Posted By Semper Vaporo on 03/04/2009 9:30 AM
Schwinky valve?????


Well, it's kind of like a quick acting blow down valve that points up, sort of the opposite of a blow down valve. I didn't want to call it a blow up valve, people would be scared. And the complete opposite would be a suck up valve, and we already got enough of that going around. I'll try to add a pic later on today. Just one quick push of the finger and BAAMM - bubble gone.


----------



## rkapuaala (Jan 3, 2008)

Eric, 
I like your idea for the Conrad because it's easy to access, but I'm also very curious about this swinky valve


----------



## Eric M. (Jan 3, 2008)

Yeah the schwinky valve sounds like a great solution too. Effectively does the same thing-- blast the bubbles right the heck outa there!!!! Either way you are looking at a bit of custom fab work. The advantage I see to my solution is that you could aim the blowdown pipe to the opposite side of the loco so you can blast innocent spectators with steam!
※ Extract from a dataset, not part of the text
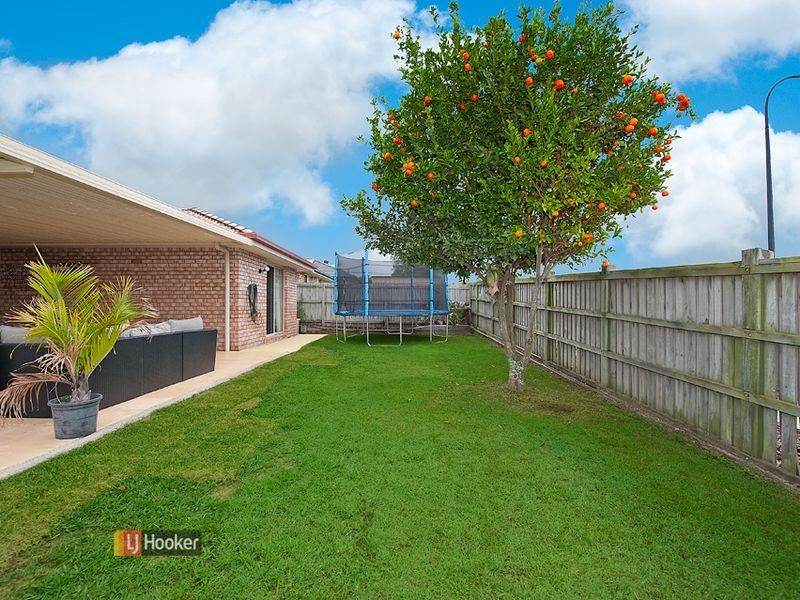 32 Silvester Street, North Lakes QLD 4509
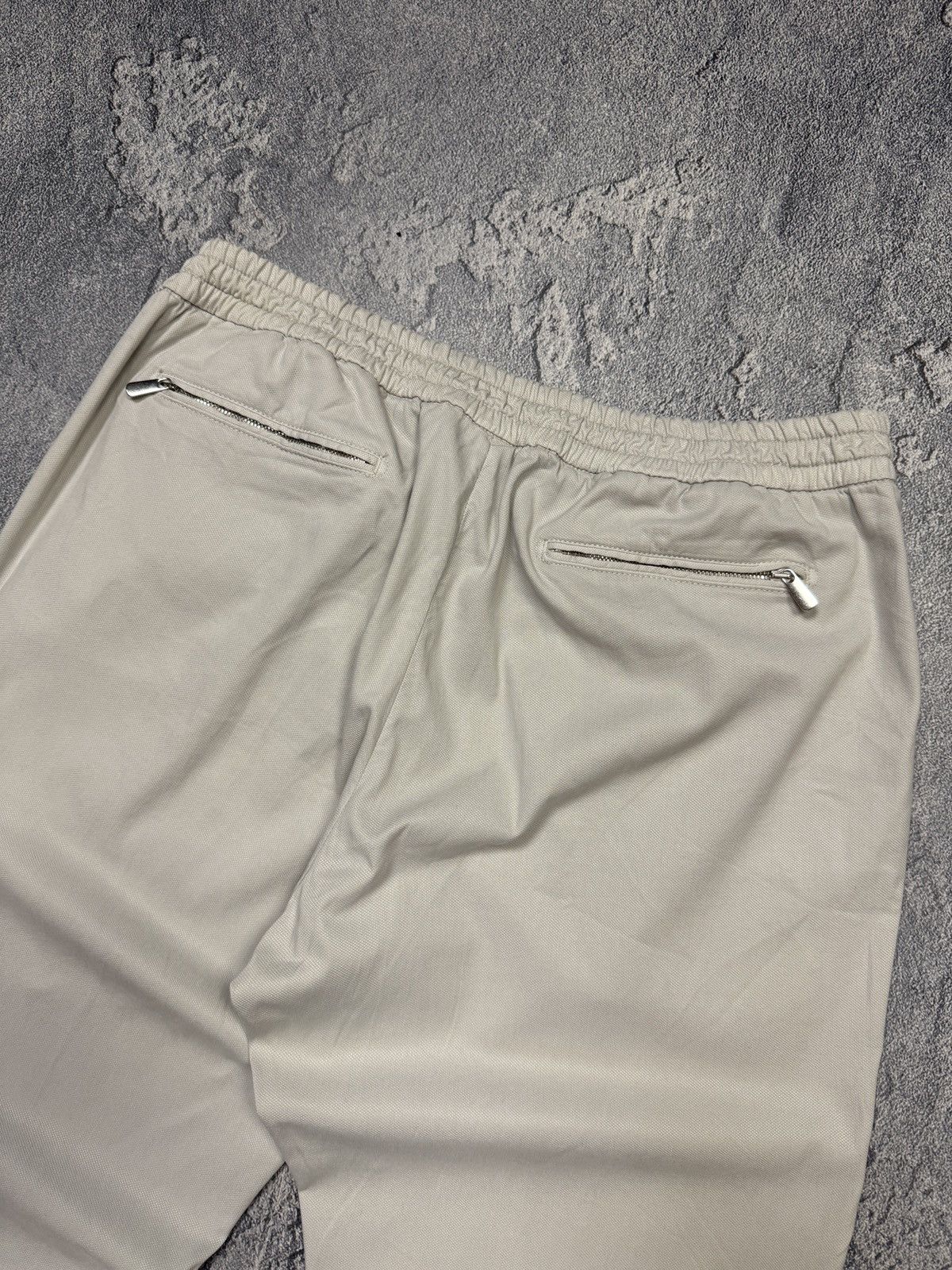 Marco Pescarolo Marco Pescarolo Pants Size US 34 / EU 50 - 7 Thumbnail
I have one question about the schwinky valve; do you have to say "BAAMM" when using it?







Isn't "Baamm" Emiril Lagasse's intellectual property?


Regards,

Eric


----------



## seadawg (Jan 2, 2008)

Maybe if I said it with less A's or M's.


----------



## seadawg (Jan 2, 2008)

Or maybe you need to say "SCHWINK"


----------



## seadawg (Jan 2, 2008)

I took a couple of pictures at lunch but I couldn't find my USB cable to download from the camera. I DO have a conceptual drawing. 









Push the collar downward and release the pressure on the oring, enough steam can escape through the hole drilled through the plug for the shaft. The steam released causes the water in the sight glass to bounce and return to the actual level.


----------



## Eric M. (Jan 3, 2008)

That's a pretty cool design. I like how it just replaces the top nut on the upper sightglass fitting.

Regards,


----------



## seadawg (Jan 2, 2008)

Posted By Eric M. on 03/04/2009 12:10 PM
That's a pretty cool design. I like how it just replaces the top nut on the upper sightglass fitting.

Regards,





Yep, I actually use the plug and modify it. I had to wait until a had a couple extra before I was willing to try it. My skillz are still lacking.


----------



## Semper Vaporo (Jan 2, 2008)

Posted By Eric M. on 03/04/2009 11:47 AM
Yeah the schwinky valve sounds like a great solution too. Effectively does the same thing-- blast the bubbles right the heck outa there!!!! Either way you are looking at a bit of custom fab work. The advantage I see to my solution is that you could aim the blowdown pipe to the opposite side of the loco so you can blast innocent spectators with steam!









I have one question about the schwinky valve; do you have to say "BAAMM" when using it?







Isn't "Baamm" Emiril Lagasse's intellectual property?


Regards,

Eric 



"Intellectual"??????


I would suspect that you should us gloves when pressing the button on the valve or you will cook the end of your finger.


----------



## dhamer52 (Jan 2, 2008)

That's not all that's lacking.


----------



## seadawg (Jan 2, 2008)

Posted By Semper Vaporo on 03/04/2009 12:17 PM

"Intellectual"??????



I would suspect that you should us gloves when pressing the button on the valve or you will cook the end of your finger.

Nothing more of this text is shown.